*WORK ORDER*
Below are several entries. Transcribe exactly those lines that fall from the one with "The Law of Comparative" through the one with "Proyector portatil 4", end lines included.

*TASK INPUTS*

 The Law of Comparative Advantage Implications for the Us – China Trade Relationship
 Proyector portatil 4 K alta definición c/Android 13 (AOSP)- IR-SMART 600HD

--

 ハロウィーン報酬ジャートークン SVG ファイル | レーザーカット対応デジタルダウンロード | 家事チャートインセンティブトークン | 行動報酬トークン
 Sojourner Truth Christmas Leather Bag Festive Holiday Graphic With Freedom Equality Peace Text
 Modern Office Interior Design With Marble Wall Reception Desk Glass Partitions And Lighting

*RESPONSE TO THE TASK*
 The Law of Comparative Advantage Implications for the Us – China Trade Relationship
 Proyector portatil 4 K alta definición c/Android 13 (AOSP)- IR-SMART 600HD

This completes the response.